Local Accommodation (summer letting) and the 2018 State Budget - Part I (income)
Renting rooms or houses in summer has been a constant practice in the Algarve.
It was a complement to the meagre income in which a family left their home to get paid for in the summer months, that the landlord, with several apartments available for rent in summer doubled (or more) his income for the rest of the year, the truth is that this was, and is, an Algarve reality (and not only).
In order to put a brake on this parallel bed market and the often consequent tax evasion that ensued, Local Accommodation licensing was established. I believe it was the intention of the law maker to create a facilitated and informal system for licensing these summer lettings, thereby attempting to tax those incomes received which were unreported.
But that was not the way it happened, or in practice how it came to pass. Perhaps it was our Romanic judicial roots that complicated what was meant to be uncomplicated, but the truth is that the rules were themselves regulated, and even more regulated by the most diverse entities.
Additionally, since 2008 the rules have multiplied, and the simplistic idea of regulating the parallel bed market died a slow death.
It is not my intention to indicate how a summer letting permit is obtained (see
https://bde.portaldocidadao.pt/evo/services/balcaodoempreendedor/Licenca.aspx?CodLicenca=2637 ), but rather what the fiscal impact is with the news in the State Budget for 2018.
We knew already that the local accommodation letting required the start of fiscal activity. The citizen should start that activity as an individual entrepreneur (under income category B), and the property that would be used for this local housing activity should be linked to the business activity.
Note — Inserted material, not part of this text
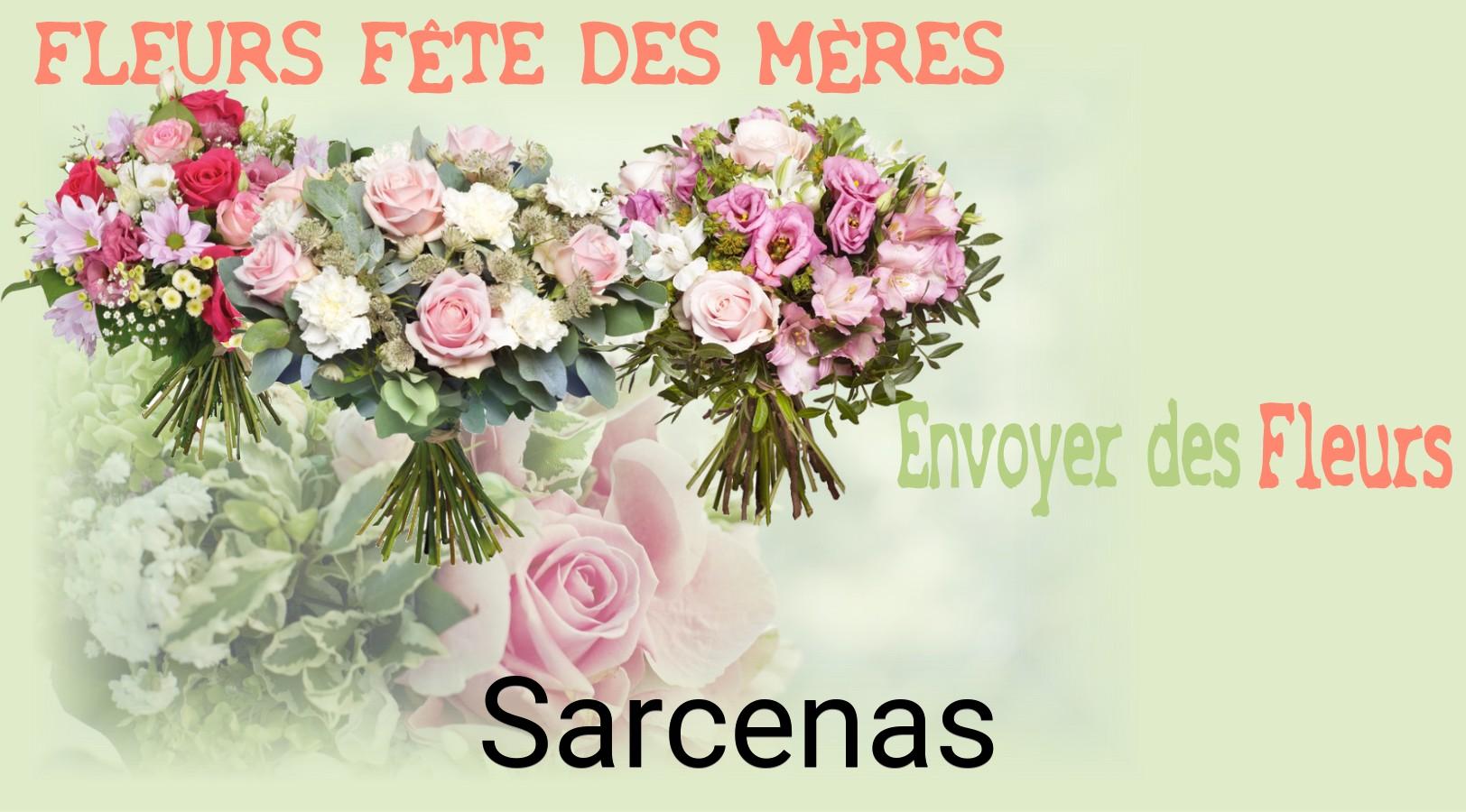 Bouquet de Fête des Mères livré à Sarcenas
Therefore, the citizen who lets his apartment under such a local accommodation scheme will be registered as an entrepreneur obtaining income under Category B (article 3 CIRS). The rental amounts in this category are the "income" received under this activity, and we have two reporting possibilities: under the simplified regime or under organized accounting.
I will not dwell on organized accounting (which refers to the rules of art. 32 et seq. of the CIRC), but rather on the simplified regime.
The simplified scheme, as its name implies, is the simple application of a coefficient, indicated in Article 31 CIRS, to the income received to determine the taxable income of the tax payer. Contrary to the income of other categories, the taxable income is calculated by the mere application of a coefficient determined by law.
At least, that was the way but the Budget of 2018 came to create a complex web of deductions leaving the coefficient in reality as a limit to which the taxpayer could deduct any expenses.
Art. 31, paragraph 13 of the CIRS indicates which expenses can be deducted. Expenses, for example, with personnel, with the consumption of electricity and, in the specific case of local accommodation, 1.5% of the taxable property value of the property registered to the activity.
Another novelty of the 2018 Budget was the possibility of being able to choose, as far as local accommodation income is concerned , taxation as a business professional, under Category B, or as pure rental income under Category F.
This means that under the terms of article 28 (14) CIRS, the taxpayer may choose to have his income determined within the rules applied to pure rental income (category F), but still having to start fiscal activity and subjecting the property to that activity thus being taxed at 28%.
Optionally, it can be taxed according to the rules applied to business professionals (category B), starting fiscal activity and subjecting the property to that activity being taxed at 25%.
Ask yourself when you should choose one or the other option?
Given the new formula for calculating taxable business income (category B) established by the State Budget of 2018, it is always advisable that this should be analyzed on a case specific basis.
However, and in general, the tax payable will be lower if calculated by the property income rules under Category F, when the expenses able to be deducted (article 41 CIRS), correspond to more than 70% of the income.
For example, if the income is € 10,000 per year, the expenses should be in excess of € 7,000 so that the tax is marginally lower if taxed as rental income (category F) than if you reported it in accordance with the business income method under Category B.
Again, as said, there is no general rule and each case must be examined by its accountant taking into account the income and expenses to be deducted.